Retype, without changes or pictures, only the lines that begin at the one containing "Karl Lagerfeld Кожени" and end at the last line of the records that follow.
Segment Open
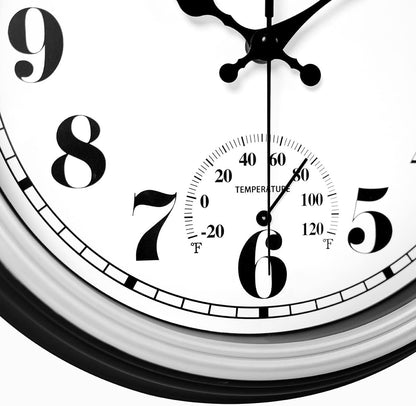 JENLYSTIME 12 Inch Indoor/Outdoor Retro Waterproof Wall Clock with Thermometer Silent Round Quartz Battery Operated Easy to Read Decorative for Kitchen Patio,Bathroom,Deck,Porch,Pool(Blue)
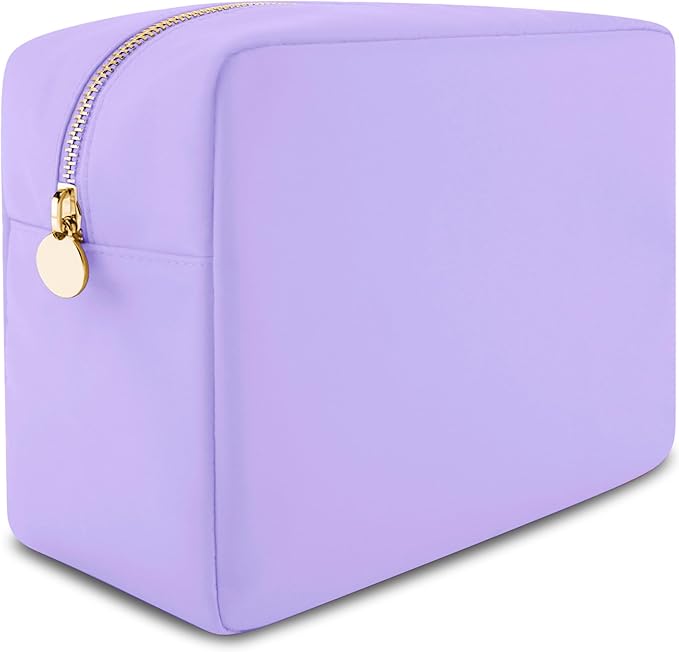 DANCOUR Nylon Makeup Bags for Women Large Preppy Travel Toiletry Pouch Cosmetic Bag Makeup Organizer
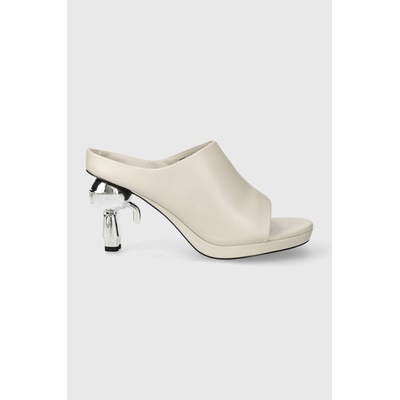 Karl Lagerfeld Кожени чехли Karl Lagerfeld IKON HEEL в бяло с дебел ток KL39004 (KL39004.011)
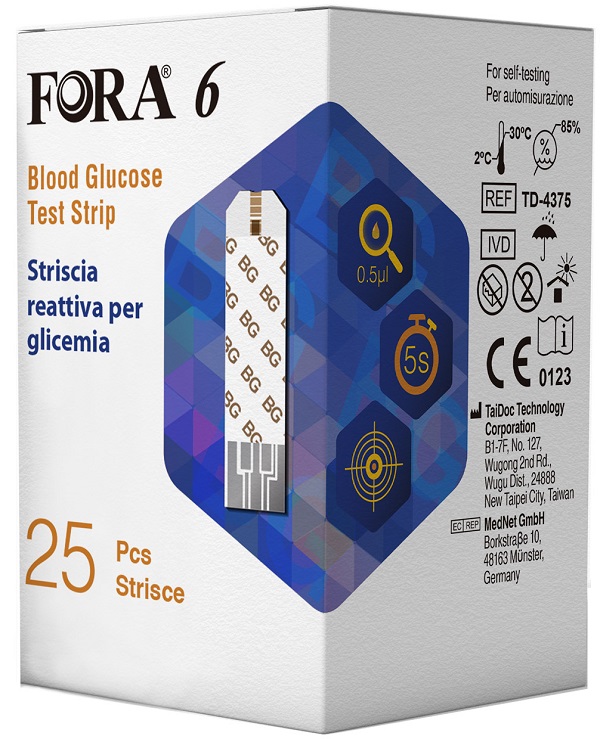 STRISCE MISURAZIONE GLICEMIA FORA 6 CONNECT BOX DA 25 PEZZI - farmasconti.eu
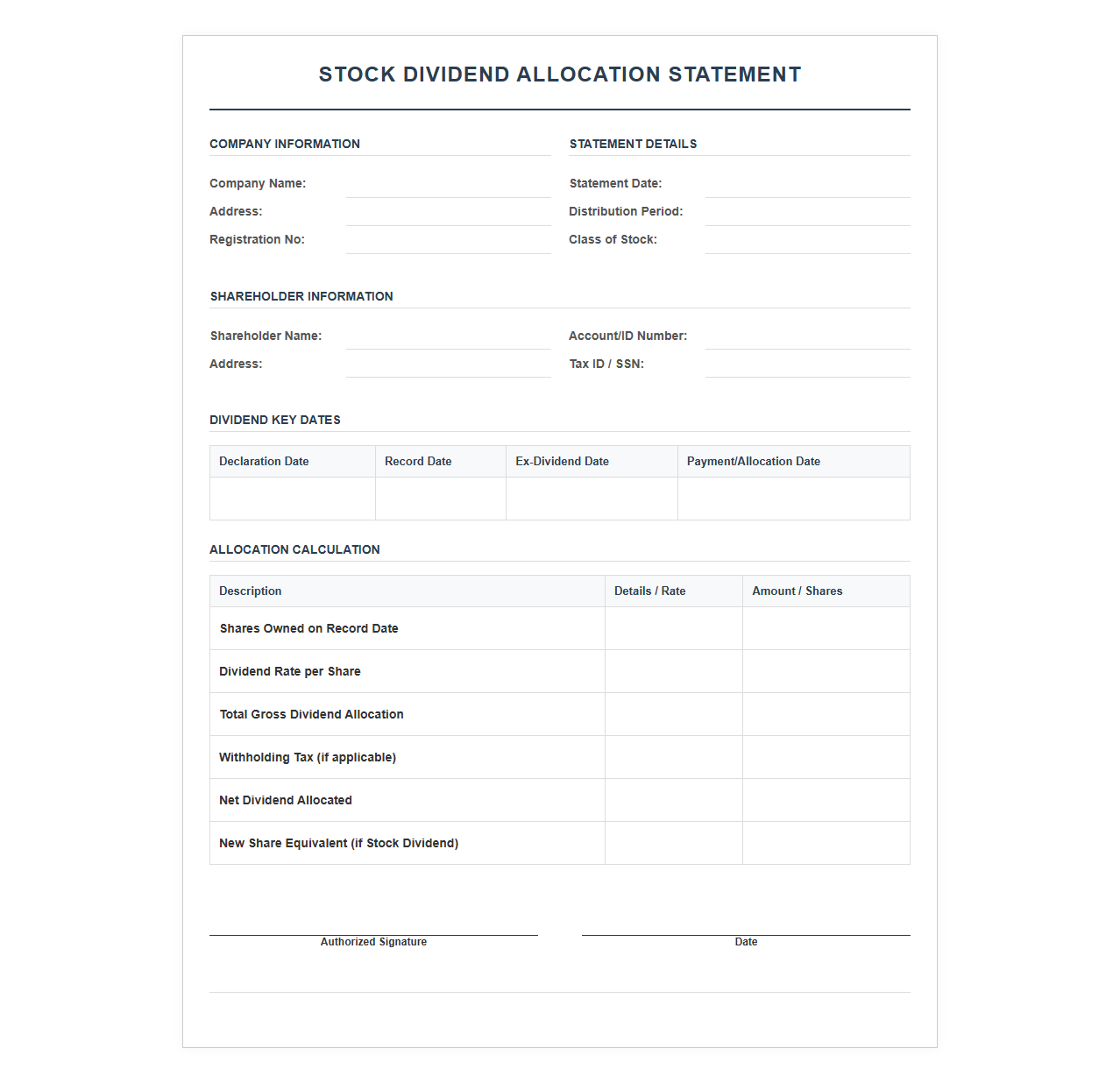 Stock Dividend Allocation Statement Template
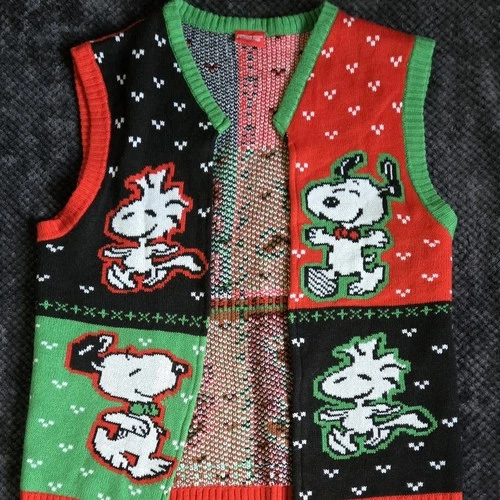 Peanuts Snoopy Woodstock Ugly Sweater Vest Knit Colorblock Men's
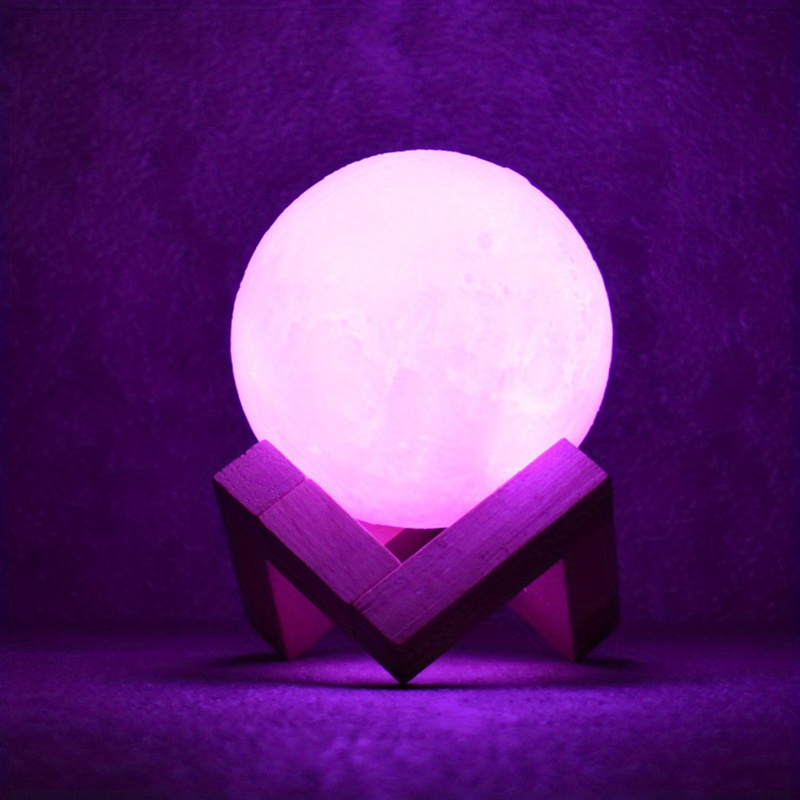 Lampara Decorativa Luna Moon Con Luz Led Velador Noche Bebe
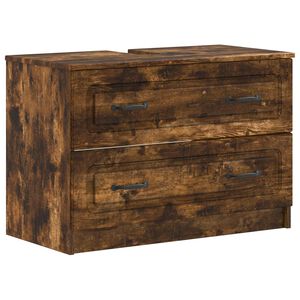 vidaXL Шкаф за мивка в баня UTRECHT Опушен дъб 82 x 41 x 56 см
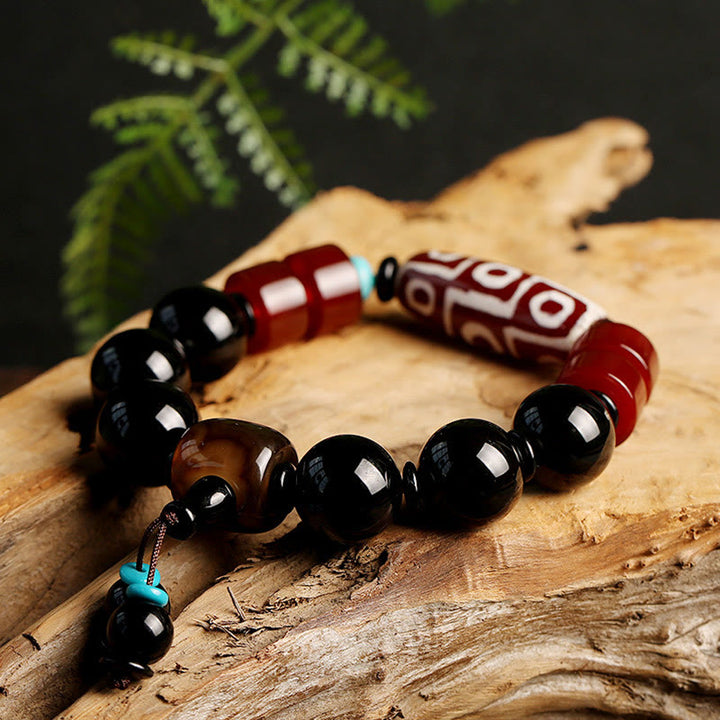Buddha Stones Tibetan Nine-Eye Dzi Bead Black Onyx Wealth Protection Bracelet - image 3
Segment Closed
| Worked solution |
 Karl Lagerfeld Кожени чехли Karl Lagerfeld IKON HEEL в бяло с дебел ток KL39004 (KL39004.011)
 STRISCE MISURAZIONE GLICEMIA FORA 6 CONNECT BOX DA 25 PEZZI - farmasconti.eu
 Stock Dividend Allocation Statement Template
 Peanuts Snoopy Woodstock Ugly Sweater Vest Knit Colorblock Men's
 Lampara Decorativa Luna Moon Con Luz Led Velador Noche Bebe
 vidaXL Шкаф за мивка в баня UTRECHT Опушен дъб 82 x 41 x 56 см
Buddha Stones Tibetan Nine-Eye Dzi Bead Black Onyx Wealth Protection Bracelet - image 3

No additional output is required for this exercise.